Investigation of Dynamic Friction Properties of Extruded AZ31 Magnesium Alloy
by Ring-Typed Compressive Testing

Abstract

The dynamic friction properties of the extruded AZ31 magnesium alloy of 20 μm grain size were investigated by ring compression test at 523, 548 and 573 K and a rate of 1.0 x 10^-2 s^-1, where all the initial testing conditions were characterized by the climb-controlled dislocation creep. The MoS₂ lubricant maintained lower dynamic friction coefficient (m value) than the oil lubricant. The difference in m values between the machined surface and polished surface was unclear. The m values for WC-Co and diamond-like carbon (DLC) tools were similar in the MoS₂ lubricant.
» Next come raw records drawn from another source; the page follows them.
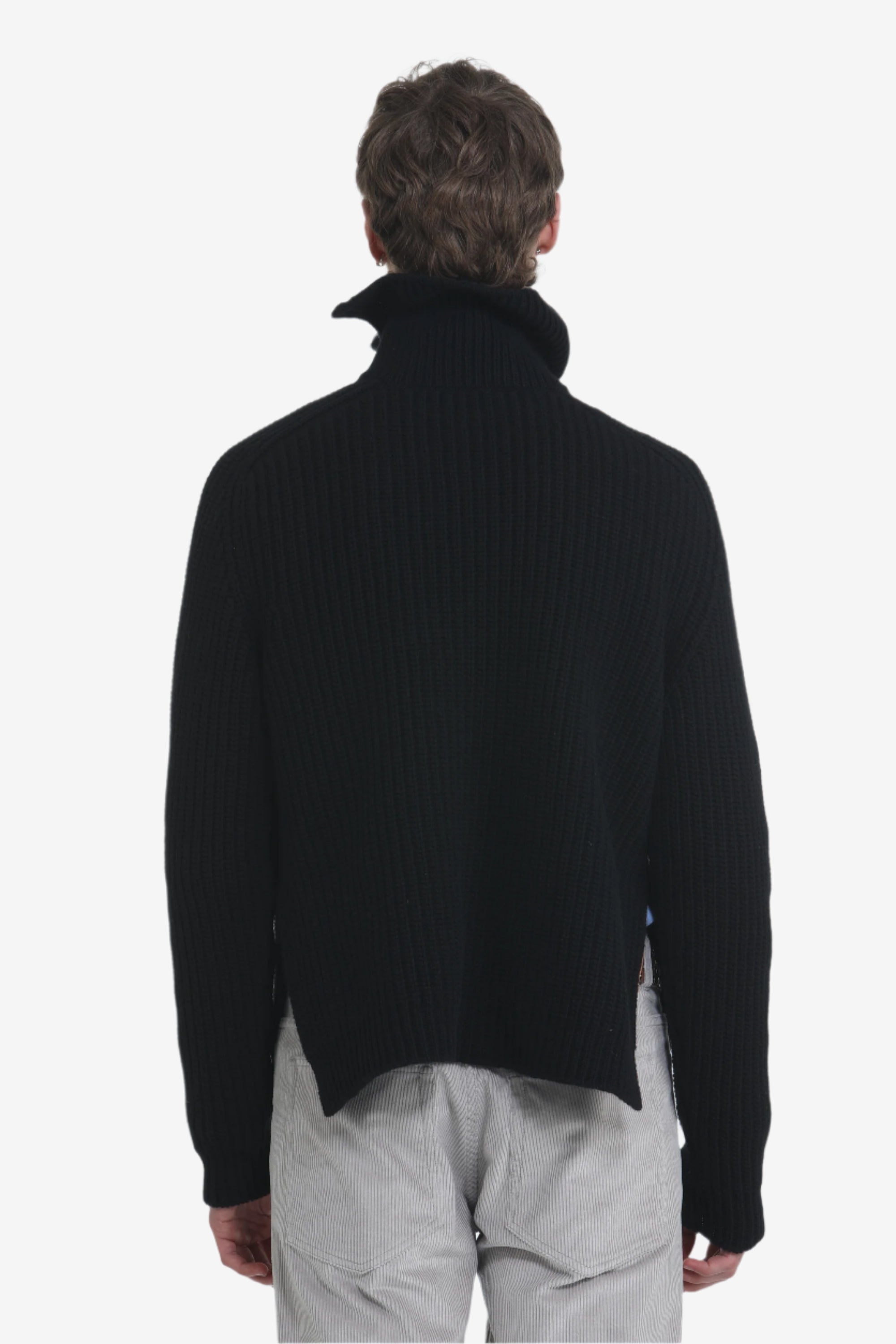 Maglione a collo alto con chiusura a zip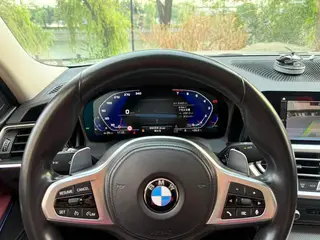 BMW 3 Series 2022 325Li M Set de nuit de sport intérieur photo 20 BMW 3 Series 2022 325Li M Set de nuit de sport intérieur photo 20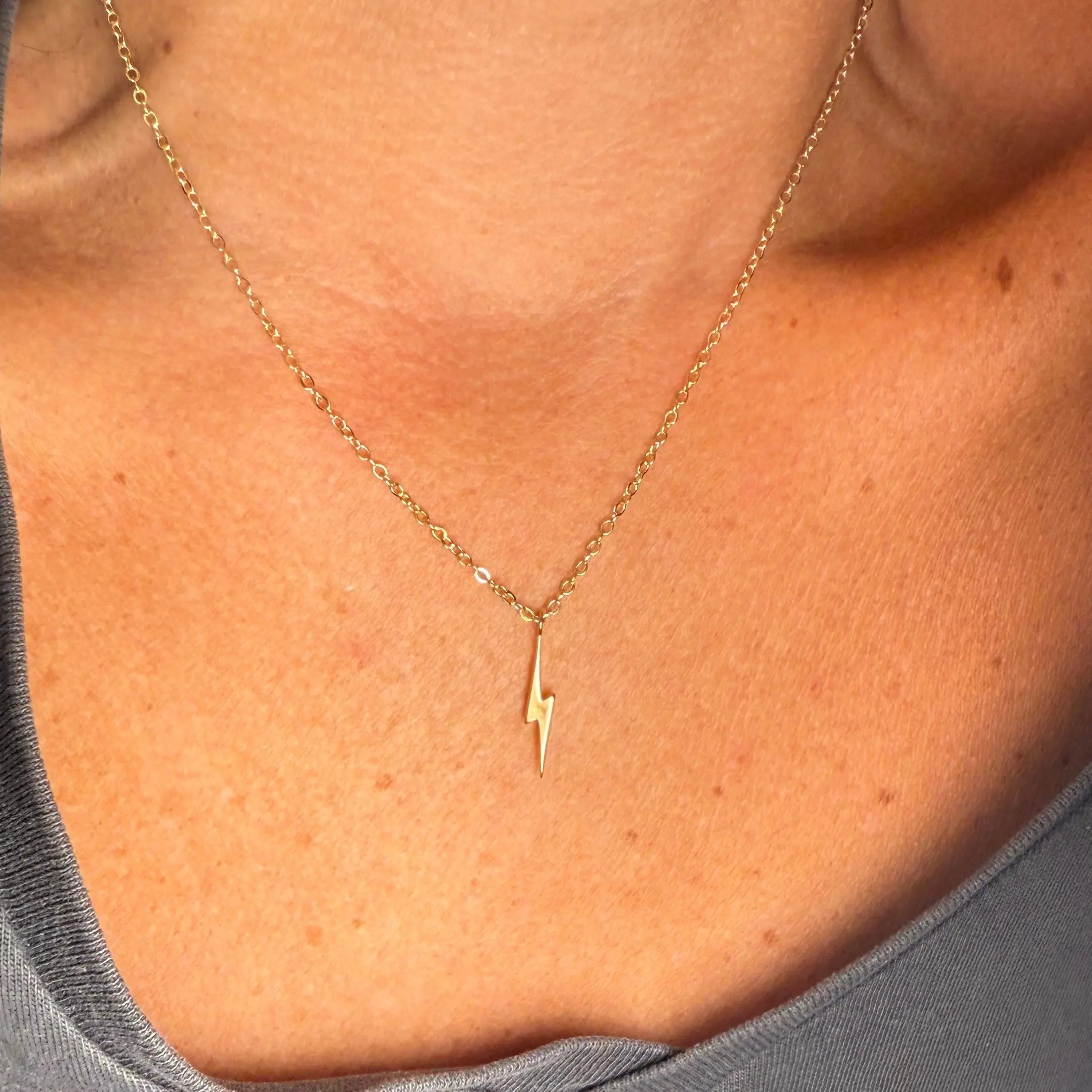 Blixten - monterat guldhalsband - L8Hasselblad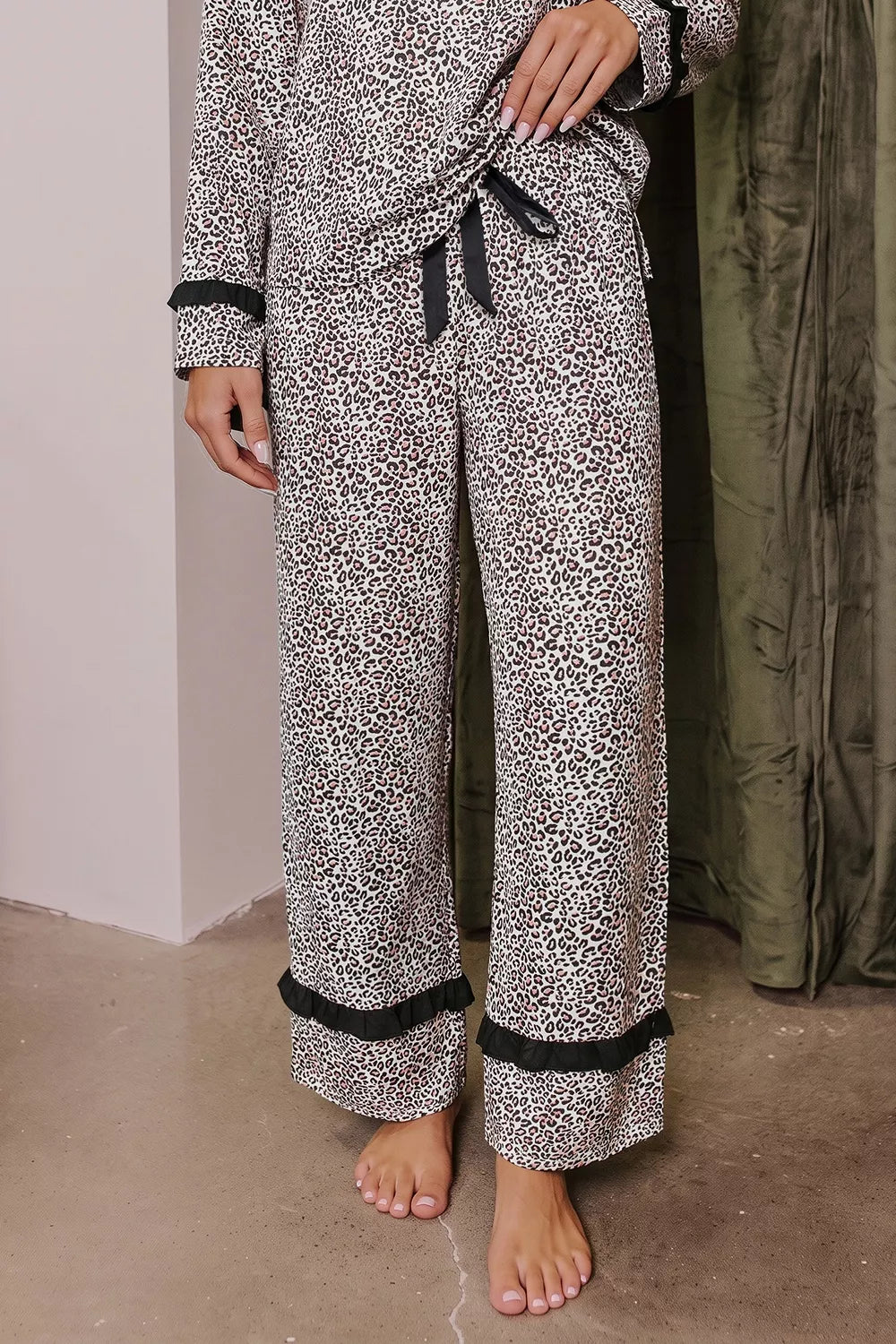 Trendsi Leopard Print Bow Knot Patchwork Long Sleeve Lounge Set -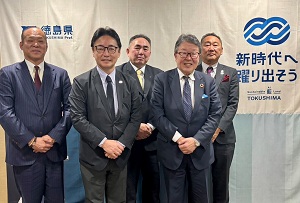 面会 秋田拓士 (株)近鉄百貨店取締役会長、長野公俊 同代表取締役副社長、弘中宇男 同本店商品政策部部長、川端秀一 (株)鳴門屋代表取締役 他の画像01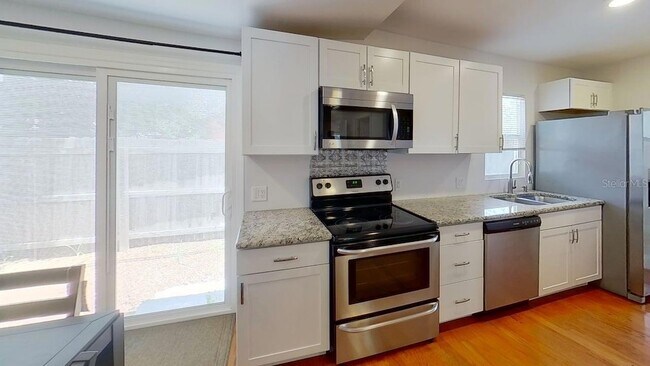 Building Photo - 3729 31st Ave S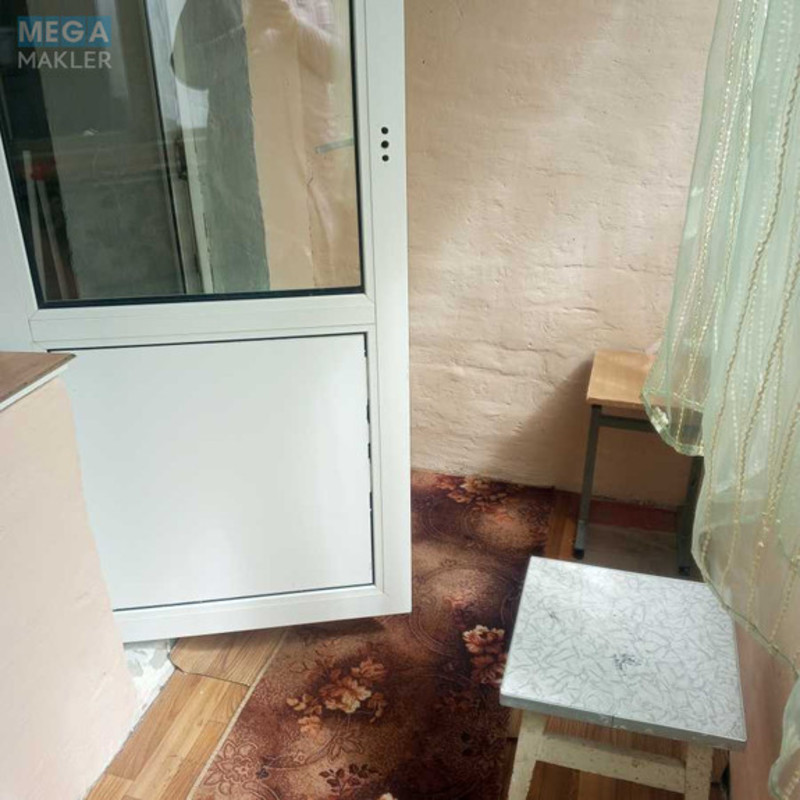 Оренда 1 кімнатної квартири, <a class="location-link" href="/kiev/" title="Недвижимость Київ">Київ</a>, <a class="location-link" href="/kiev/pecherskij/" title="Недвижимость Печерський район">Печерський р-н</a>, Правобережна вул., 3 (изображение 9)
The m values for the DLC tool were lower than those for the WC-Co tool in the oil lubricant. The extrusion direction affected the friction properties. The aspect ratio of the inner diameter at 90° to the extrusion direction after testing was almost isotropic; on the other hand, the anisotropy occurred at 0° and 45°. The extent of anisotropy at 548 K was the highest, although the lower the temperature, the higher the critical shear stress of the non-basal plane. The condition at 523 K, where fine grain sizes less than 3 μm could be obtained by dynamic recrystallization during deformation, is suitable for making superplastic at the given strain rate.